TASK OBJECTIVE:
Could you return all of the records exactly as they stand?

[Source data]
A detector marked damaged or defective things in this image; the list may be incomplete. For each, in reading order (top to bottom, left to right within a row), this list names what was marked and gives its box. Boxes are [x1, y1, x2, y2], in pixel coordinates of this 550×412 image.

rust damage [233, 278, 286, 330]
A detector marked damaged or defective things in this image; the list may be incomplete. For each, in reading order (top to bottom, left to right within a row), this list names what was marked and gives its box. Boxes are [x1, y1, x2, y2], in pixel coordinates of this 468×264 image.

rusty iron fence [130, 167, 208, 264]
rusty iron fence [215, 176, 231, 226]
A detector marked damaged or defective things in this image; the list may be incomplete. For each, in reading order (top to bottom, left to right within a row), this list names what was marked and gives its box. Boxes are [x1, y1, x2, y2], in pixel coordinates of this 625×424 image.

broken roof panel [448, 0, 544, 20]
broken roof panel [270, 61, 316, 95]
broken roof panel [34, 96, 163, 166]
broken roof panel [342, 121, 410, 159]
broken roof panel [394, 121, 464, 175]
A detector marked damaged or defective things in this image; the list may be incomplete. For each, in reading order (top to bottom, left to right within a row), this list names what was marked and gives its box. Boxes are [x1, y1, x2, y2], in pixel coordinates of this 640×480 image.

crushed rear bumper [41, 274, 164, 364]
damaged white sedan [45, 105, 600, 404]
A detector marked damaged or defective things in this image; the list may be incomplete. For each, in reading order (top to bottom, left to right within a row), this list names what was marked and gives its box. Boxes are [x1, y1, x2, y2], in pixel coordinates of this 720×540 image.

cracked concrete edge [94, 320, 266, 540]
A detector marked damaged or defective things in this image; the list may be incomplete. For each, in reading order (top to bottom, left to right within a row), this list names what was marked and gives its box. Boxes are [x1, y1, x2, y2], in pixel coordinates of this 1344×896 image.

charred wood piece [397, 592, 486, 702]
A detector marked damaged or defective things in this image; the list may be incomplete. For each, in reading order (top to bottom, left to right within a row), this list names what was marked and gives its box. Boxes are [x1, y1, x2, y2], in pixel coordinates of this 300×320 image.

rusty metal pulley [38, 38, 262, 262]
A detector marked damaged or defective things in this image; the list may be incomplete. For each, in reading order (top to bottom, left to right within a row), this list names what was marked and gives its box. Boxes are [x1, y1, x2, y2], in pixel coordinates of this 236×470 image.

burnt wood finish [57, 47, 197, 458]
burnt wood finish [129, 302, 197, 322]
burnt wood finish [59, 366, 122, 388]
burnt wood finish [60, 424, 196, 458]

OUTPUT BELOW:
A detector marked damaged or defective things in this image; the list may be incomplete. For each, in reading order (top to bottom, left to right within a row), this list names what was marked and gives its box. Boxes are [x1, y1, x2, y2], in pixel coordinates of this 550×412 image.

rust damage [233, 278, 286, 330]
A detector marked damaged or defective things in this image; the list may be incomplete. For each, in reading order (top to bottom, left to right within a row), this list names what was marked and gives its box. Boxes are [x1, y1, x2, y2], in pixel coordinates of this 468×264 image.

rusty iron fence [130, 167, 208, 264]
rusty iron fence [215, 176, 231, 226]
A detector marked damaged or defective things in this image; the list may be incomplete. For each, in reading order (top to bottom, left to right within a row), this list names what was marked and gives its box. Boxes are [x1, y1, x2, y2], in pixel coordinates of this 625×424 image.

broken roof panel [448, 0, 544, 20]
broken roof panel [270, 61, 316, 95]
broken roof panel [34, 96, 163, 166]
broken roof panel [342, 121, 410, 159]
broken roof panel [394, 121, 464, 175]
A detector marked damaged or defective things in this image; the list may be incomplete. For each, in reading order (top to bottom, left to right within a row), this list names what was marked and gives its box. Boxes are [x1, y1, x2, y2], in pixel coordinates of this 640×480 image.

crushed rear bumper [41, 274, 164, 364]
damaged white sedan [45, 105, 600, 404]
A detector marked damaged or defective things in this image; the list may be incomplete. For each, in reading order (top to bottom, left to right within a row), this list names what was marked and gives its box. Boxes are [x1, y1, x2, y2], in pixel coordinates of this 720×540 image.

cracked concrete edge [94, 320, 266, 540]
A detector marked damaged or defective things in this image; the list may be incomplete. For each, in reading order (top to bottom, left to right within a row), this list names what was marked and gives its box. Boxes are [x1, y1, x2, y2], in pixel coordinates of this 1344×896 image.

charred wood piece [397, 592, 486, 702]
A detector marked damaged or defective things in this image; the list may be incomplete. For each, in reading order (top to bottom, left to right within a row), this list names what was marked and gives its box. Boxes are [x1, y1, x2, y2], in pixel coordinates of this 300×320 image.

rusty metal pulley [38, 38, 262, 262]
A detector marked damaged or defective things in this image; the list may be incomplete. For each, in reading order (top to bottom, left to right within a row), this list names what was marked and gives its box. Boxes are [x1, y1, x2, y2], in pixel coordinates of this 236×470 image.

burnt wood finish [57, 47, 197, 458]
burnt wood finish [129, 302, 197, 322]
burnt wood finish [59, 366, 122, 388]
burnt wood finish [60, 424, 196, 458]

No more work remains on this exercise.